Die meisten dieser angeklagten Männer hätten tatsächlich gedacht, dass Dominique Pelicot über die Zustimmung seiner Frau entscheiden konnte. Dominique Pelicot selbst gab als Motiv und Rechtfertigung vor Gericht an, seine Frau sei das Gegenteil seiner Mutter gewesen: Kein Stück unterwürfig!

Wie weiter?

Manon Garcia plädiert mit ihrem Buch «Mit Männern leben» für ein starkes Miteinander von Frauen und Männern: «Interessiert euch für das Patriarchat und bekämpft es, selbst in den kleinsten Aspekten eures Lebens. Hört auf, den Männern um euch herum, die sich eurer Meinung nach unangemessen verhalten, Ausreden und Entschuldigungen zu liefern.»

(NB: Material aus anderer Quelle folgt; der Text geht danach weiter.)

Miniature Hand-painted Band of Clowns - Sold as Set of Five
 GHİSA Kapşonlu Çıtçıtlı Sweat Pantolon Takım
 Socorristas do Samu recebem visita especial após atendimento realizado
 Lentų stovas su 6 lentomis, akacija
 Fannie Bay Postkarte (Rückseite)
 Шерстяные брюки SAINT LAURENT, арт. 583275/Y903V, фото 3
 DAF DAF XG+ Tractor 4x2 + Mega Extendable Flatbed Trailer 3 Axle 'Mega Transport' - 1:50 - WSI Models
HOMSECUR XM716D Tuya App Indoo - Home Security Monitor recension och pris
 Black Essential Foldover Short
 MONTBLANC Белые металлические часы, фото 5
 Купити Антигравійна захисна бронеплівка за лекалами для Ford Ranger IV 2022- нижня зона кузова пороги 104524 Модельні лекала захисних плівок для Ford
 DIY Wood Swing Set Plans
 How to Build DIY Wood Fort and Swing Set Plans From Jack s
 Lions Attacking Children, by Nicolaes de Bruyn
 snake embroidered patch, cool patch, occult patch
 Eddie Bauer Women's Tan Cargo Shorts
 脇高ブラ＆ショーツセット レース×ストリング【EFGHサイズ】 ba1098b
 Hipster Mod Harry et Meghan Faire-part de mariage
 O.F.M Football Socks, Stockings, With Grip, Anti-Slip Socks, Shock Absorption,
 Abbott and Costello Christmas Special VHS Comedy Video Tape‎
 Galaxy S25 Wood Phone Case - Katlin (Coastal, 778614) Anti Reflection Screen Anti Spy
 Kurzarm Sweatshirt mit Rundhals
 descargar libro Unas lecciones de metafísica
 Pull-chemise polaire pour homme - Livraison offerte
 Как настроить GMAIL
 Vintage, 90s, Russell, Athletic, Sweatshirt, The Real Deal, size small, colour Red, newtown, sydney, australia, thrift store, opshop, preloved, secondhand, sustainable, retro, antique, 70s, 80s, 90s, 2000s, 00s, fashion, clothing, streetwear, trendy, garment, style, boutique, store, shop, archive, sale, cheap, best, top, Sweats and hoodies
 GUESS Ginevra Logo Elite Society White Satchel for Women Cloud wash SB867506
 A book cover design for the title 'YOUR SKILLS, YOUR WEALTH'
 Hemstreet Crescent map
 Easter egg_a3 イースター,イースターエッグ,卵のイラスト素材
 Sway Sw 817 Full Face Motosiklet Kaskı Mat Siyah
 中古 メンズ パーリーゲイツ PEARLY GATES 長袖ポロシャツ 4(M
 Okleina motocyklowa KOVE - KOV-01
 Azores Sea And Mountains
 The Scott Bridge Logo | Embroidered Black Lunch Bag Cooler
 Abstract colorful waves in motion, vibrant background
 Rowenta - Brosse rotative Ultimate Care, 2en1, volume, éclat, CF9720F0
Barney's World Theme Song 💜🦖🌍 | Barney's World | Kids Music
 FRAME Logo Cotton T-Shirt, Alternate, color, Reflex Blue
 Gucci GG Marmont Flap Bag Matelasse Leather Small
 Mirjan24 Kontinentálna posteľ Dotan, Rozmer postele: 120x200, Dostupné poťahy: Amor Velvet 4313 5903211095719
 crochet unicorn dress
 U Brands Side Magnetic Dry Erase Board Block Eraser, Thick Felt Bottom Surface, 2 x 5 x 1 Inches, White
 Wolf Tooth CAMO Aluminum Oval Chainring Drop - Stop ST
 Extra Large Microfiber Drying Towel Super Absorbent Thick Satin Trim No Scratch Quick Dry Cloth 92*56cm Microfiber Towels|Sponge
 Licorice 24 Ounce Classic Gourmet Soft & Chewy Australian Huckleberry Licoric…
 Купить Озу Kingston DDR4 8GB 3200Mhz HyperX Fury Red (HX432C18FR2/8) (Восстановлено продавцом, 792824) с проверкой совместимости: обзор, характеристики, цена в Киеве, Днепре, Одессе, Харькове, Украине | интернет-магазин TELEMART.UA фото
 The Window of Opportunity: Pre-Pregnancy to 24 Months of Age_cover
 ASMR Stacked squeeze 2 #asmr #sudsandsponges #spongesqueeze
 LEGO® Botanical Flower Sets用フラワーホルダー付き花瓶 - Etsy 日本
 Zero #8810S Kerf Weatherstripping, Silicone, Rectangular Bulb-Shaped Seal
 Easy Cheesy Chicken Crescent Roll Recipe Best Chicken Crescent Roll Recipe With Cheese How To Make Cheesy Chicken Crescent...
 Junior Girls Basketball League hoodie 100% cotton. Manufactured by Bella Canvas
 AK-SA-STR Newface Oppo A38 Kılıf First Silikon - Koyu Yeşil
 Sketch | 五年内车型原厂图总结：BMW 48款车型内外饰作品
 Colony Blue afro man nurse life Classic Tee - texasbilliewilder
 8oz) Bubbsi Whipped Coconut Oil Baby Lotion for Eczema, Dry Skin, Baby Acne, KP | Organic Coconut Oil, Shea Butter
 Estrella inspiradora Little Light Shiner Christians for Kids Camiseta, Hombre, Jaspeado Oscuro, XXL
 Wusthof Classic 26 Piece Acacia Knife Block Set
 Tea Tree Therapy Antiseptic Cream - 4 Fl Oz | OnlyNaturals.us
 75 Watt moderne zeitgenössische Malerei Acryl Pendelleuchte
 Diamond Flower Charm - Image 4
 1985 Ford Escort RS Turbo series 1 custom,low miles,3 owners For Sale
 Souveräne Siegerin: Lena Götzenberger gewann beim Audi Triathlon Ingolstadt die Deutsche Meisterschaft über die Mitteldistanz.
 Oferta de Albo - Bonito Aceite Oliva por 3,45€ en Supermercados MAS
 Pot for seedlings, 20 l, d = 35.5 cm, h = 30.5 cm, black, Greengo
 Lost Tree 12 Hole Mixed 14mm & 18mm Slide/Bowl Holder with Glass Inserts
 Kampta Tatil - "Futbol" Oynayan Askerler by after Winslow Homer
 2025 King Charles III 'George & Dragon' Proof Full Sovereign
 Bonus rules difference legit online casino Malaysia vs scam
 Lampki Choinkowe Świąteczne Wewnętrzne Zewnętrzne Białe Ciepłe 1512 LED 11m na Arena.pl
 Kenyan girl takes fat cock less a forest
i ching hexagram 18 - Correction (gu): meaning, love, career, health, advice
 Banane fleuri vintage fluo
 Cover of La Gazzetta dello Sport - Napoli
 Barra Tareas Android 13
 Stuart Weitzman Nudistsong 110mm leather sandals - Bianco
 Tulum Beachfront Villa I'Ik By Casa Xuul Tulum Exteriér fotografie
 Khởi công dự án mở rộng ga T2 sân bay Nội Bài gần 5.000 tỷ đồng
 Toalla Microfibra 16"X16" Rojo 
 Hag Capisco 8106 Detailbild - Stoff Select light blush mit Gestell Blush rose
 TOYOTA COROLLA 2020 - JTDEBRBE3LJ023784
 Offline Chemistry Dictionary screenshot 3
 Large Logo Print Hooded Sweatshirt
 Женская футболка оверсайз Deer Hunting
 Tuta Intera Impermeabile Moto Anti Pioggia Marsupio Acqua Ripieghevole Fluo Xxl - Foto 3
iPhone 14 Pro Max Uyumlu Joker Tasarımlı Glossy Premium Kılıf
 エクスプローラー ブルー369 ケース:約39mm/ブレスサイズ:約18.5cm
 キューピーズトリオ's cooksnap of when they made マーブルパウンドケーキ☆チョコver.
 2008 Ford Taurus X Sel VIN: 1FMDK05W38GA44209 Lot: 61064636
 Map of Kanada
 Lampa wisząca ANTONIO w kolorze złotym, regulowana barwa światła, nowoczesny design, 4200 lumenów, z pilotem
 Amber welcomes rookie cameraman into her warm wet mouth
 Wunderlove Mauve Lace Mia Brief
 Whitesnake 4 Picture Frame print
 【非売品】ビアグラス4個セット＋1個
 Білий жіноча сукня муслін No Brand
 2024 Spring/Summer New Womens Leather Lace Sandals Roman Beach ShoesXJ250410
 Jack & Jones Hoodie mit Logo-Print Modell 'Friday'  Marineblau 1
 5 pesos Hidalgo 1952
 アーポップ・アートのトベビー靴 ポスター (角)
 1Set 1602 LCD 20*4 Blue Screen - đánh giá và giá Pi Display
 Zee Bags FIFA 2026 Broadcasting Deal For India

Und sie macht sich stark für ein Erotisieren der Gleichheit statt der Herrschaft. Heisst: Weg von der Vorstellung, dass männliche Dominanz und weibliche Passivität «natürlich» oder «erotisch» seien. Also: Begehren nicht mehr mit Macht, sondern mit Gegenseitigkeit zu verknüpfen, Einvernehmlichkeit nicht nur als juristische Kategorie zu verstehen, sondern als Ausdruck einer gegenseitigen Anerkennung und Freiheit. Es geht darum, neue erotische Fantasien und Praktiken zu entwickeln, die nicht auf Dominanz und Unterwerfung basieren, sondern auf Respekt und Gleichheit.

Garcia sieht darin einen emanzipatorischen Weg, um aus patriarchalen Mustern auszubrechen. Sie fordert dazu auf, nicht nur gesellschaftliche Strukturen zu verändern, sondern auch die Vorstellungen von Lust, Begehren und Intimität zu hinterfragen und neu zu denken.